===== DATA PROVIDED =====

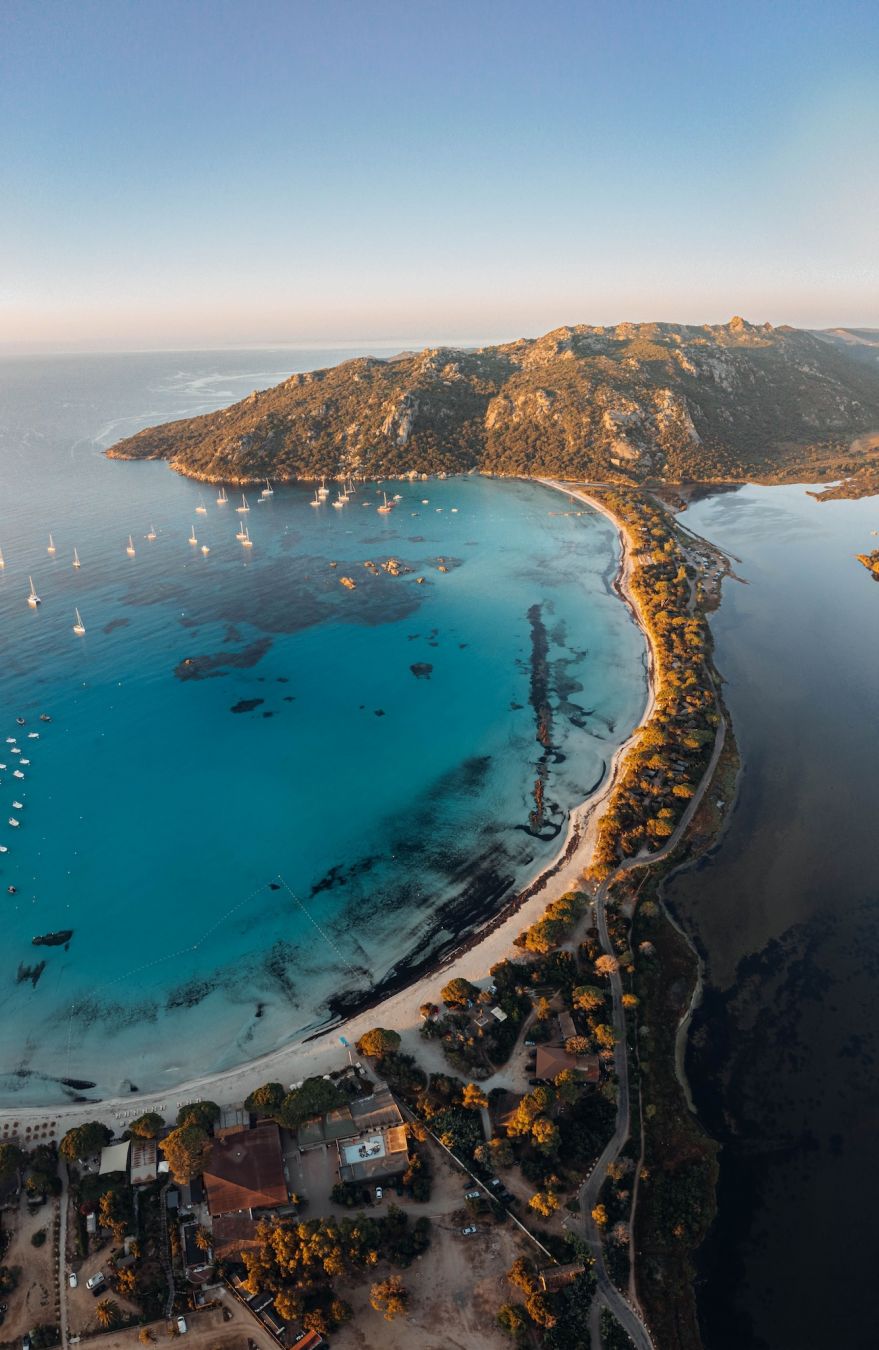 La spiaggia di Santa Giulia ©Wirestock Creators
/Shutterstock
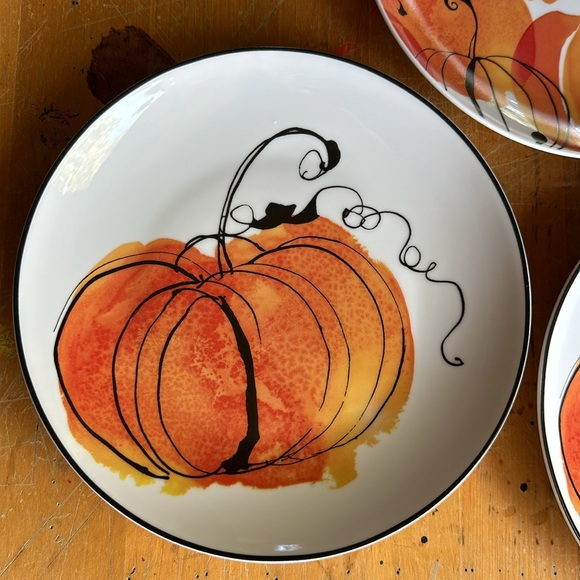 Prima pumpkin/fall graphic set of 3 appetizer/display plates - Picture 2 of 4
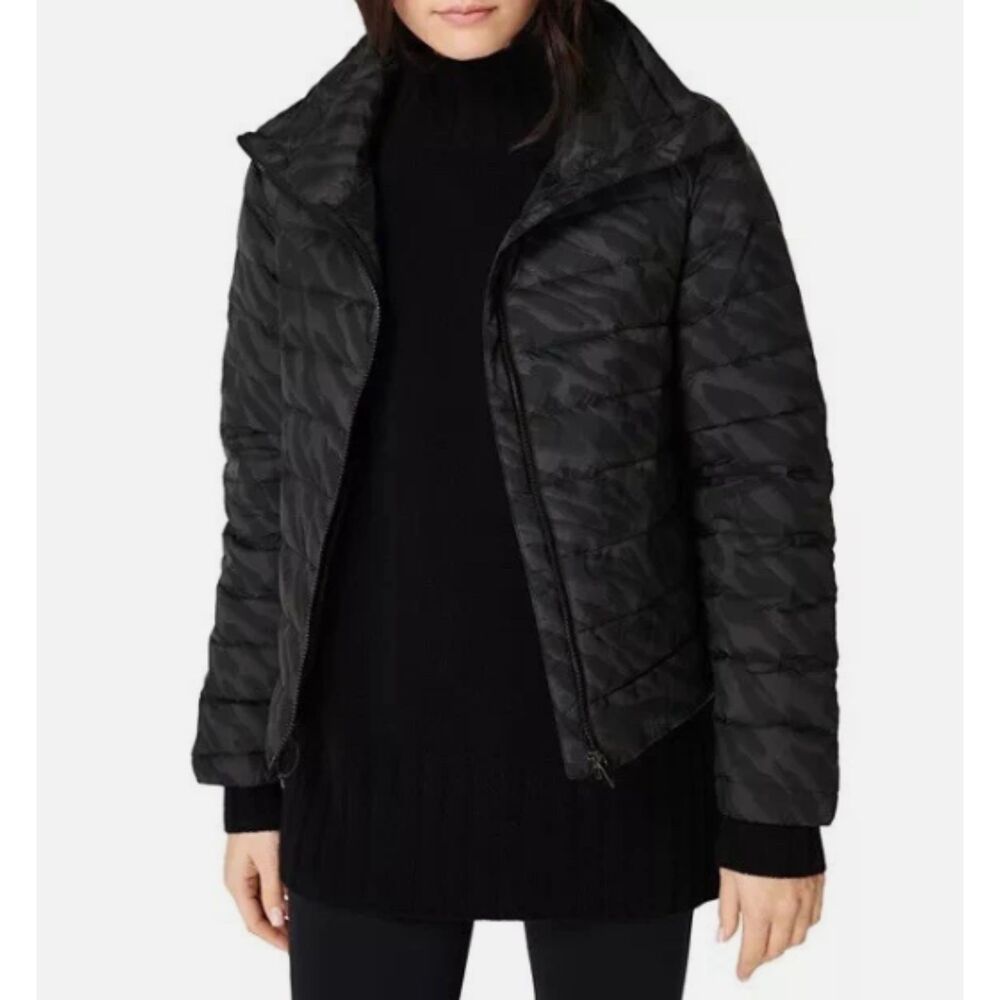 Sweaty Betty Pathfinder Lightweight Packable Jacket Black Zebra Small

=====

EXERCISE INSTRUCTIONS. Print the full listing above exactly. Pictures stay out of the copy.

FINISHED EXERCISE.
 La spiaggia di Santa Giulia ©Wirestock Creators
/Shutterstock
 Prima pumpkin/fall graphic set of 3 appetizer/display plates - Picture 2 of 4
 Sweaty Betty Pathfinder Lightweight Packable Jacket Black Zebra Small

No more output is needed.